6 Şubat’ta meydana gelen ve Türkiye ile Suriye’yi etkileyen iki büyük depremde, resmi sayılara göre 44 bini aşkın insanımız yaşamını yitirdi, on binlercesi yaralandı, on ilin önemli bir kısmı adeta enkaza döndü. Hükümetin tamamen aciz kaldığı koşullarda, bir yandan enkaz altında kalan canları kurtarmak ve kurtulanların temel ihtiyaçlarını gidermek için emekçiler görülmemiş bir dayanışma seferberliği örgütlerken, diğer yandan bazı çevreler göçmenlere yönelik büyük bir karalama kampanyası başlattı.

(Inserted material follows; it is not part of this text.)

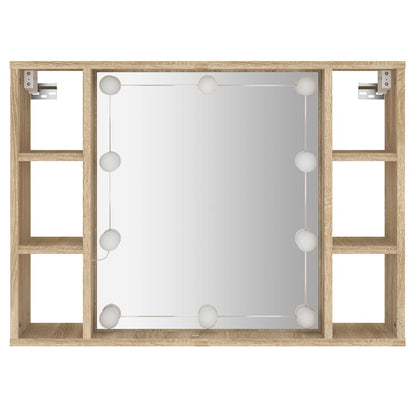 Mirror Cabinet with LED Sonoma Oak 76x15x55 cm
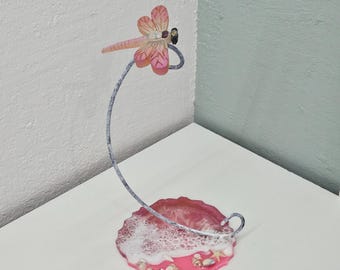 Dragonfly Ornament Stand Resin Pink Beach Scene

Depremin ilk saatlerinden itibaren, Ümit Özdağ başta olmak üzere çeşitli siyasetçiler ve kişiler, Suriyeli göçmenlerin deprem bölgesindeki ev ve mağazaları yağmaladığına yönelik haberleri sosyal medya üzerinden yaymaya başladılar. Örneğin, 7 Şubat’ta Urfa İpekyol’da, Suriye uyruklu olduğu iddia edilen bir kişinin, arama kurtarma çalışmalarına katılan bir itfaiye erinin cep telefonunu çaldığına dair görüntüler servis edildi; çok geçmeden ortada ne bir hırsızlığın olduğu ne de söz konusu kişinin Suriyeli olduğu anlaşıldı. Özelikle yağma olaylarında Suriyelilerin baş rolü oynadığı ileri sürüldü. Yabancı düşmanlığı öyle bir noktaya vardı ki, ülkenin dört bir yanından gönderilen erzak ve yardımların dağıtımında Suriyelilere öncelik verildiği bile iddia edildi.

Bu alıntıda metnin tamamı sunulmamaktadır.